Since our culture links misdeeds to volition, things not volitional are generally considered blameless. But I wasn't implying that the hypothesis is right, quite the opposite. I was implying that people are making untrue excuses by deflecting blame onto spurious made-up instincts.
How do you explain men marrying down?
They don't care about status so much?
My previous flippant response misread Jack's comment
One assumes- but why? Surely there are just as many poor Indian men who can't dream of being independently rich by their own effort, shouldn't they be marrying the daughters of footballers?
TV Tropes explains male gold diggers:
Maybe because the culture tries to influence men into not depending on their wife's family for money? An example of vows made in some Indian weddings:
During kanyadaan, the bride’s parents give their daughter away in marriage. The groom makes three promises – to be just (dharma), earn sufficiently to support his family, (artha) and love his wife (kama).
Of course, this kind of expectation is hardly unique to one culture. My thinking is that many cultures that encourage women marrying up will encourage men marrying down. In a culture that encouraged women to marry down, men would likely be encouraged to marry up.
Not strictly true. I'm from India and have heard many stories of men asking their fathers-in-law for money for large expenditures such as building/buying houses. Both in my extended family and in my friends circle.
Also, the dowry system in India is a strong evidence against this hypothesis. The amounts of money that are paid in some parts for highly educated young men boggles the mind. The dowry amounts seem to depend both on the bridegroom's qualifications (higher for doctors etc) and also on the bride's own attractiveness.

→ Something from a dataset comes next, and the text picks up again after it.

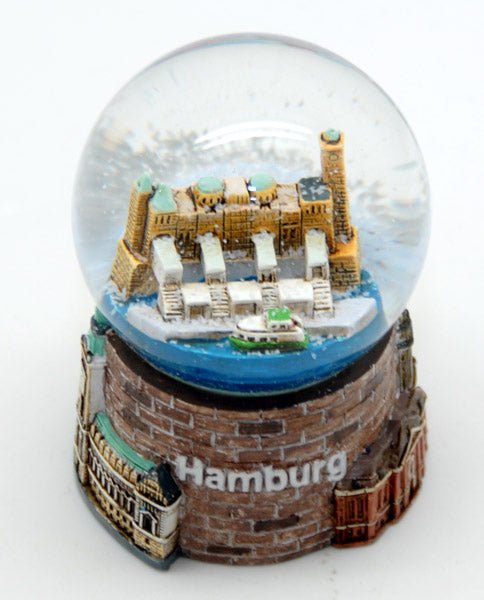 Souvenirschneekugel Hamburg Landungsbrücken - Luftblase - Schneekugelhaus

Interesting. Thanks for your perspective. I think you probably know more about this topic than I do. What do you think the expectations are for the husband, and for the wife's family? It seems that there is an expectation that the husband is able to earn money (ie. since you mentioned that large amounts of money are given to highly educated men, my assumption is that the wife's family is expecting him to earn money with his education, but if you think that's untrue I'd be interested to know your reasoning). However, you seem to be saying that there is also the expectation that the wife's family will help him with money. Is this expectation generally only for a short duration of time or is it considered a long-term obligation? Is there any expectation in the reverse (that the husband help the wife's family with money)?

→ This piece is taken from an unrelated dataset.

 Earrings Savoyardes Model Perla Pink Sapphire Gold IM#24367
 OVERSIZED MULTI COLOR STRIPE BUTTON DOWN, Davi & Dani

Status is zero sum? I highly doubt it. I am certain that it's not something you can simply wave at with an "as we know".
It is, more or less by the practical meaning of being a ranking of all individuals in the group in question. You really can't all come first in a (rat) race. Encouragement awards don't count.
The more interesting thing to consider is how our internal measures of status and outward indicators of status can be manipulated such that we can get better results from those instincts in a positive sum way. This is definitely possible, at least to some degree.
Before you posted that I'd have said it was a pretty obvious idea. Can you develop your objection more?
The reason it seems obvious to me is that status is measured relative to the rest of the tribe. If you climb up the social ladder, that means someone got bumped down. Zero net change.
Imagine two islands, each with some tiny population - let's say, 10 each. Nobody ever interacts with anyone off-island, and the resources and living standards are the same. Now if I told you that people on island 1 are higher-status than people on island 2, does that strike you as a nonsensical statement? To me, it does not; it means that there is more mutual respect on island 1. I think that parsing that as "status" is justified, because it's not synonymous with how nice they are to each other, how much they like each other, or any other such variable (though of course it would tend to correlate with those).
You may disagree, but you should consider whether a definition of status which is tautologically zero-sum is likely to be blinding you to positive-sum interactions that are best interpreted as status-related (as opposed to friendship- or kindness-related).
"Mutual respect" could stand to be more rigorously defined.
Here's how I would imagine it: island 1 has specialists who divide the tasks of survival among themselves according to comparative advantage; everyone can say "I'm the best there is (on the island) at what I do" and does what they're best at most of the time. Island 2 has a king and nine cringing slaves.
Yup, good point. I have no idea what "should" count as the "gold standard" for status. If it had been the case that status was "really" a ranking, and therefore inherently zero sum, then it could produce one of those cases where people would be better off if they were consistently wrong about their actual status - if they consistently overestimated it. However, since status is a vastly fuzzier thing than, for instance, height or weight, it isn't at all clear what counts as correctly estimating one's status.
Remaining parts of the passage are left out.